Pas que je tienne spécialement à avoir les données ici plutôt que là,
mais la station de Paris-Montsouris a des relevés qui remontent au
moins à 1900, alors que celle d'Orly n'en a que depuis 1947, et comme
je voudrais avoir une série aussi longue que possible et aussi
homogène que possible, je veux celle de Montsouris. Et puis je
voudrais comprendre ce qui se passe : je trouvais bizarre que
l'ECAD ait accès aux données d'Orly mais pas de
Paris-Montsouris et encore plus bizarre parce que (comme je le disais
aussi dans l'addendum à la fin de cette
même entrée) on trouve en téléchargement
depuis cette
page Meteo-Paris.com de vieux fichiers de données qui
manifestement viennent de l'ECAD et qui sont pour la
station de Paris-Montsouris (mais ils ne vont que jusqu'à fin
septembre 2008). Quelle est cette diablerie ?

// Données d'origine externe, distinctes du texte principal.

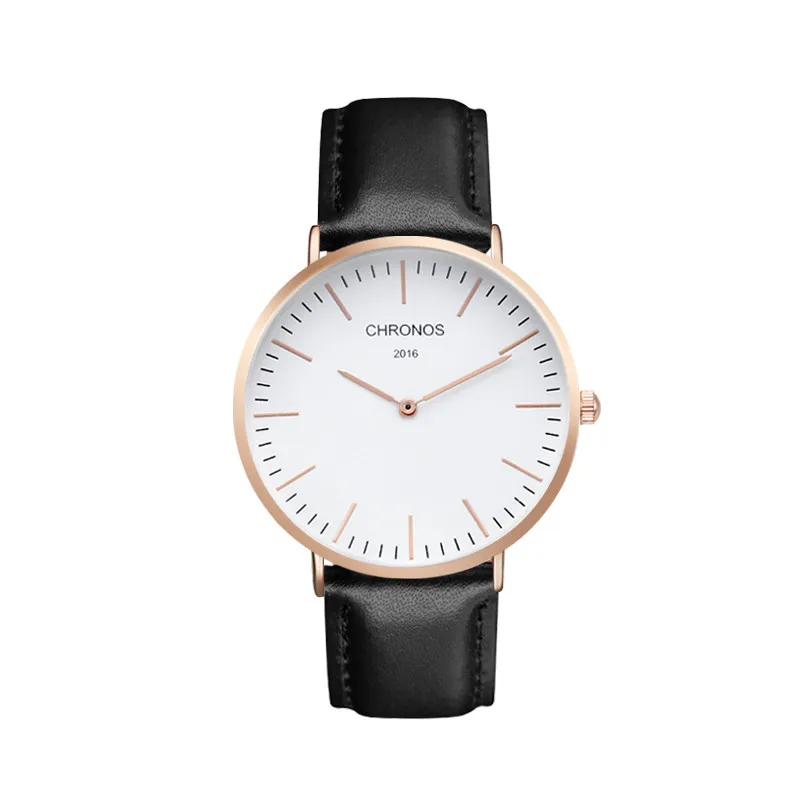 CHRONOS Мужские Женские парные часы простые тонкие повседневные кварцевые нейлоновые часы Белый аналоговый циферблат Relojes Mujer Montre Femme Horloge - Цвет: CH 0119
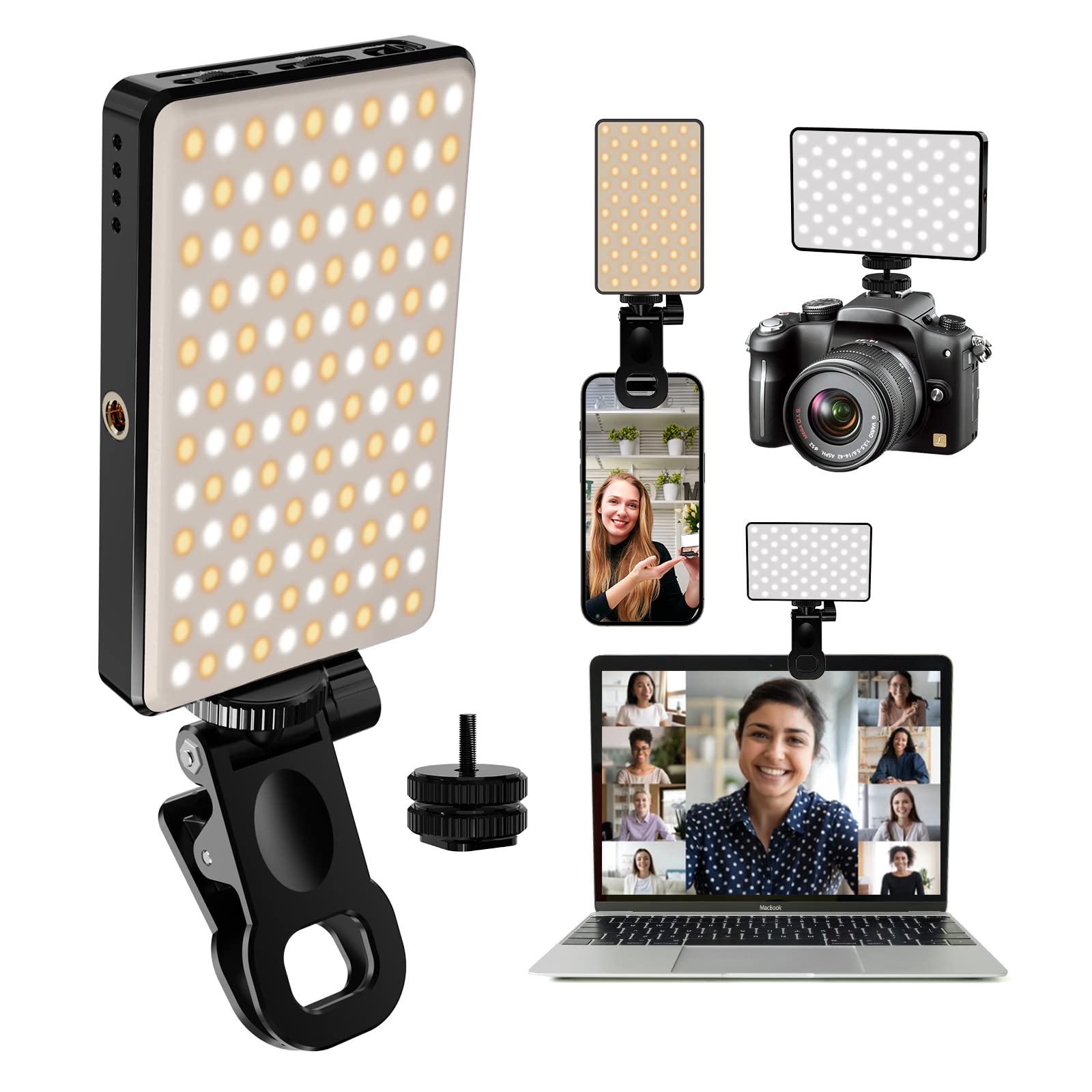 Photography Lighting Set Up - LED Selfie Light 3000Mah 120 LED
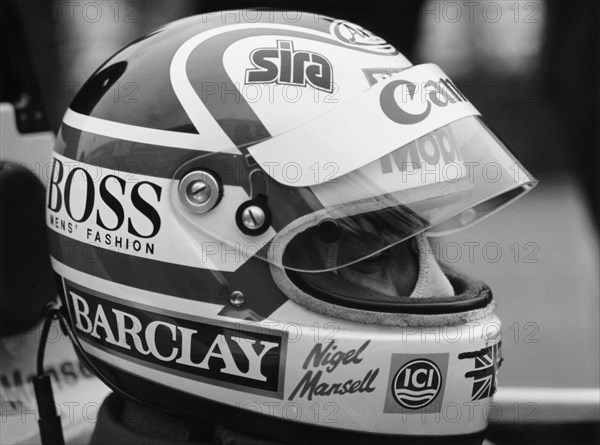 Nigel Mansell, 1988. Artist: Unknown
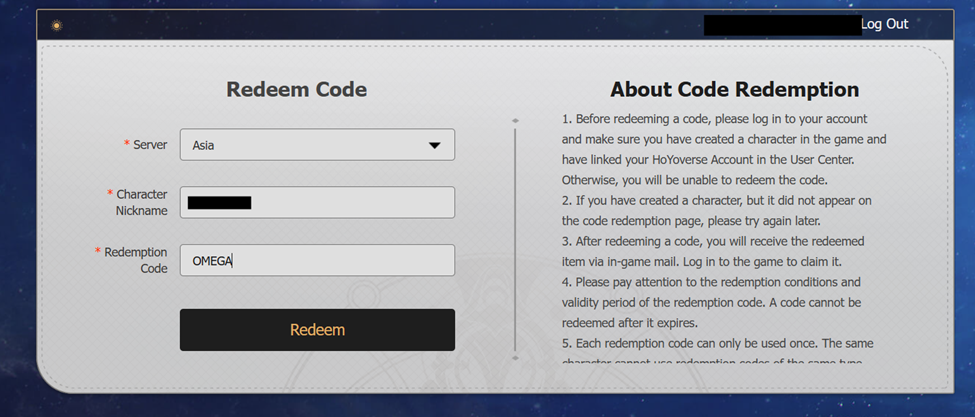 “tutorial cara redeem code hsr step-by-step sampai berhasil”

J'ai donc écrit à l'équipe du KNMI qui gère l'ECAD
pour leur demander des explications, et ils m'ont répondu que Météo
France ne leur communiquait initialement les données que pour un
nombre restreint de stations (dont celle de Paris-Montsouris), et que
les fichiers trouvables chez Meteo-Paris.com datent de cette époque,
mais qu'ils (Météo France) ont ensuite beaucoup augmenté ce nombre de
stations transmises, et en « contrepartie » ont explicitement demandé
que seul une poignée de ces stations soient marquées
comme téléchargeables
, c'est-à-dire pour lesquelles on peut
télécharger les données quotidiennes, et ce petit ensemble n'inclut
pas celle de Paris-Montsouris. Bref, l'ECAD les a, mais
on n'y a plus accès. (Et du coup, je me retrouve avec les données de
Paris-Montsouris seulement jusqu'à 2008, et celles d'Orly depuis 1947,
ce qui n'est pas mal, mais ça ne fait quand même pas une série longue
et complète.)
Tout ceci n'a aucun sens. D'abord, il est à la fois absurde, mesquin et contraire à leur mission d'information pour Météo France de restreindre l'accès à des données d'observation collectées avec l'argent du contribuable français. (En plus, c'est particulièrement mesquin de ne pas avoir mis la station de Paris-Montsouris dans la liste des stations téléchargeables alors qu'elle l'était auparavant.) Je ne sais pas pourquoi ils font ça (peut-être espèrent-ils vendre les données ? mais qui voudrait acheter des vieux relevés météo ?), je ne sais pas qui est le connard qui a pris cette décision, mais je constate qu'en Allemagne, (quasiment) toutes les stations météo sont marquées comme téléchargeables. Mais en fait, rien ne tient vraiment debout dans cette histoire, parce que plein de gens semblent quand même avoir accès à ces données de Paris-Montsouris et qui les diffusent (sous des formats peu exploitables) : Infoclimat.fr, par exemple, ou Meteociel.fr ou même un compte Twitter pour cette foutue station : d'où ces gens tirent-ils ces données, à la fin, si elles ne sont pas diffusées publiquement par Météo France ? Quelles sont leurs sources ? Quels sont leurs réseaux ? Je n'y compris rien.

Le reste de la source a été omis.